Quando l'auto accostò un uomo in divisa si sporse dal finestrino. Aveva le guance livide dal freddo, un cappello faceva ombra sui suoi occhi scuri, un ghigno, quasi malvagio, apparve sulle sue labbra. 
L'uomo fece scivolare le mani sulle tasche e prese un distintivo che mostrò orgogliosamente alla sua "vittima".
Alice rimase in silenzio e, pietrificata dalla  paura, sentì l'adrenalina schiacciare il suo buonsenso. Prese la borsa e scappò. 
Non sapeva dove andare, o a chi rivolgersi. Semplicemente scappò, corse il più lontano possibile, come se fosse la cosa più naturale del mondo.
Girò strade fredde e umide, attraversò piazze buie e deserte finchè l'istinto non la portò nell'unico luogo in cui si fosse mai sentita al sicuro: casa sua. O almeno quella che un tempo lo era, finchè la madre non scoprì dei suoi problemi di dipendenza e, dopo una lunga litigata, la ragazza scappò di casa.

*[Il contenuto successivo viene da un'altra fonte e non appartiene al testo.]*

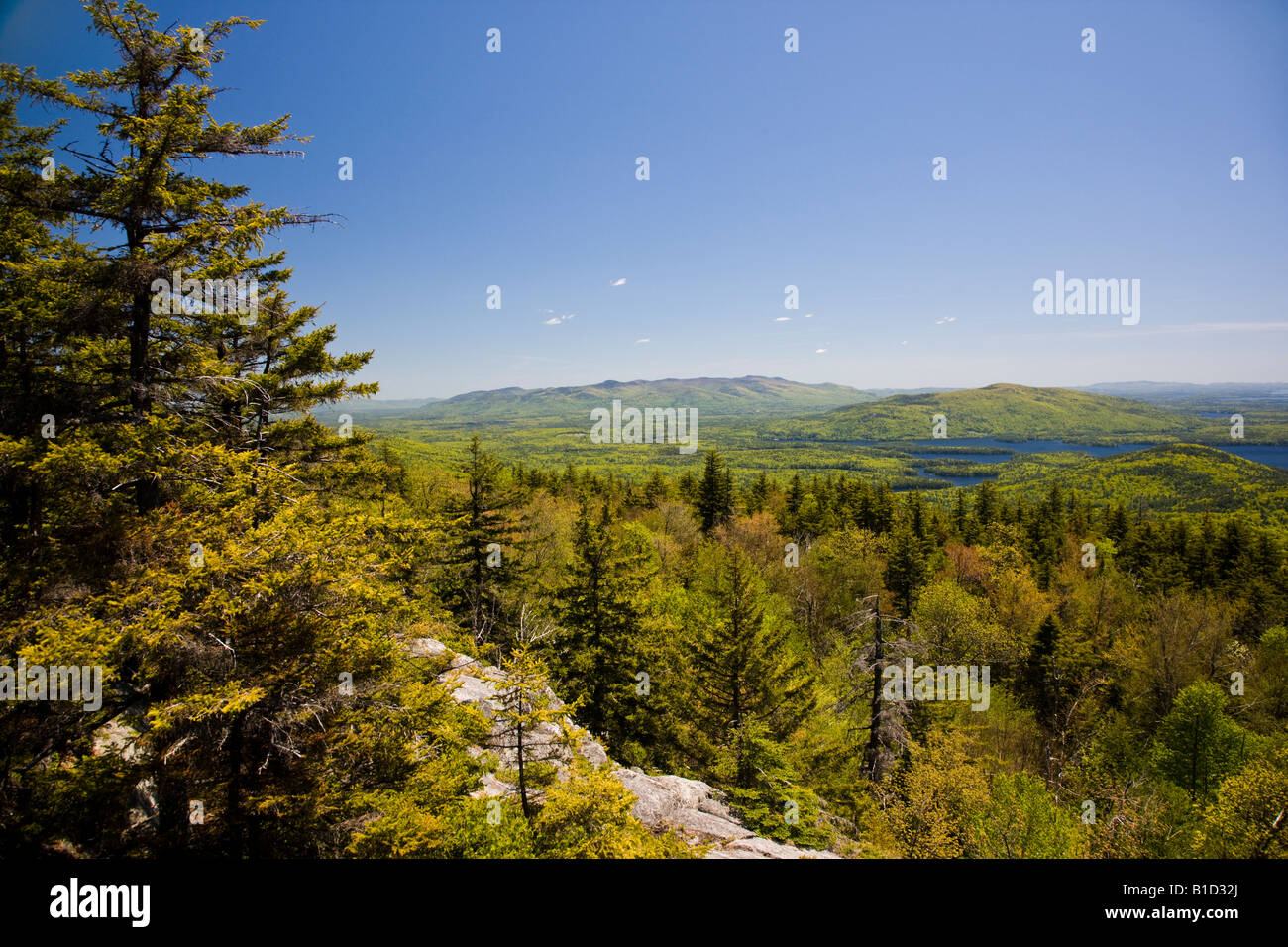 View of Squam Lake and Lake Winnipesaukee from top of Mount New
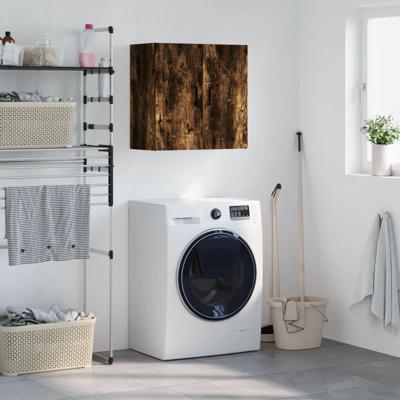 Wandkast 60x31x60 cm bewerkt hout gerookt eikenkleurig Wandkast 60x31x60 cm bewerkt hout gerookt eikenkleurig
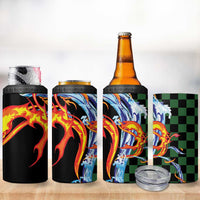 Japanese Asanoha Pattern 4 in 1 Can Cooler Tumbler Sun Flame Slayer Dragon Hinokami Kagura Spirit - Wonder Print Shop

Era almeno un anno che non ci tornava. La madre le aveva lasciato le chiavi, nel caso Alice non avesse trovato quello che cercava, nel caso le fosse mancato quello che aveva, nel caso avesse cambiato idea, la madre sarebbe rimasta sempre lì,ad aspettarla.
Alice non sapeva se salire o rimanere giù. 

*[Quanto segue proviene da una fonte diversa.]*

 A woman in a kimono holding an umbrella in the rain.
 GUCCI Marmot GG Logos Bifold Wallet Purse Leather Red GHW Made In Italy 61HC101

Aveva paura di incontrare sua madre. Cosa le avrebbe detto? Avrebbe mai accettato le sue scuse?
Dopo averci pensato due volte la ragazza salì. 
La casa era vuota.
Si diresse verso camera sua. Non si sorprese quando la trovò esattamente come l'aveva lasciata. I libri sulla scrivania, il computer sul letto, i poster, le foto che le riportavano in mente migliaia di ricordi. Sembrava che se ne fosse andata solo il giorno prima.
Il suo sguardo cadde però su un piccolo quaderno. Era rovinato e pieno di disegni colorati. 

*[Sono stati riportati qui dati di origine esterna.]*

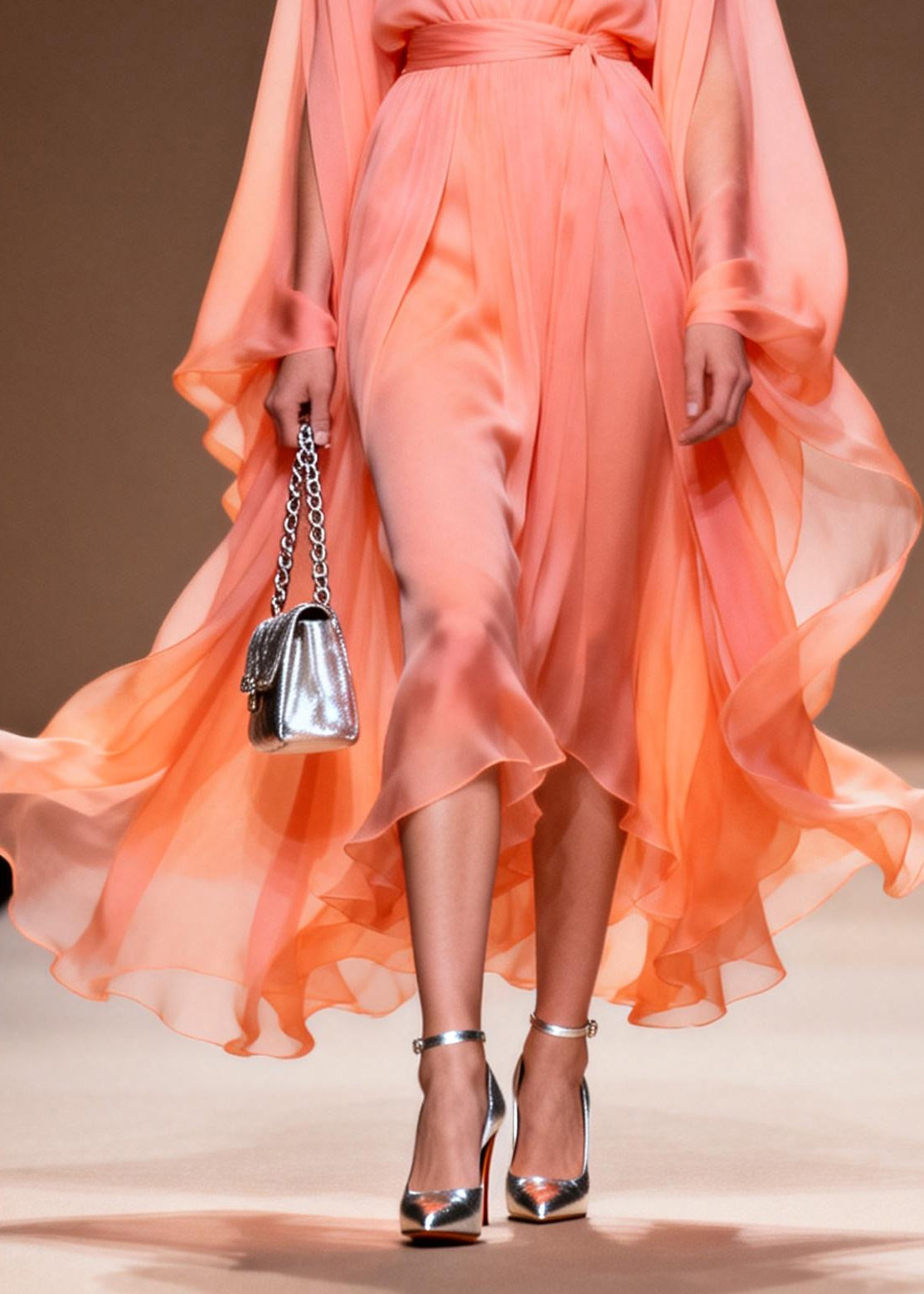 Chiffon Deep V-Neck Cape Sleeve Tie Waist Handkerchief Hem Maxi Gown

Alice si buttò subito a raccoglierlo. Lo sfogliò piano, le sue mani lo sfioravano delicatamente, quasi fosse la cosa più preziosa del mondo.
"Mi hai abbattuto, mi hai fatto cadere, facendomi credere non fossi abbastanza, adesso andrò per la mia strada, non riuscirai a cambiarmi" recitavano le parole di una delle canzoni che aveva scritto due o tre anni prima. 
Leggendo quei versi sentì una punta di amarezza. 
La vita l'aveva cambiata eccome, i suoi amici che avevano sempre avuto un'influenza negativa su di lei avevano avuto la meglio.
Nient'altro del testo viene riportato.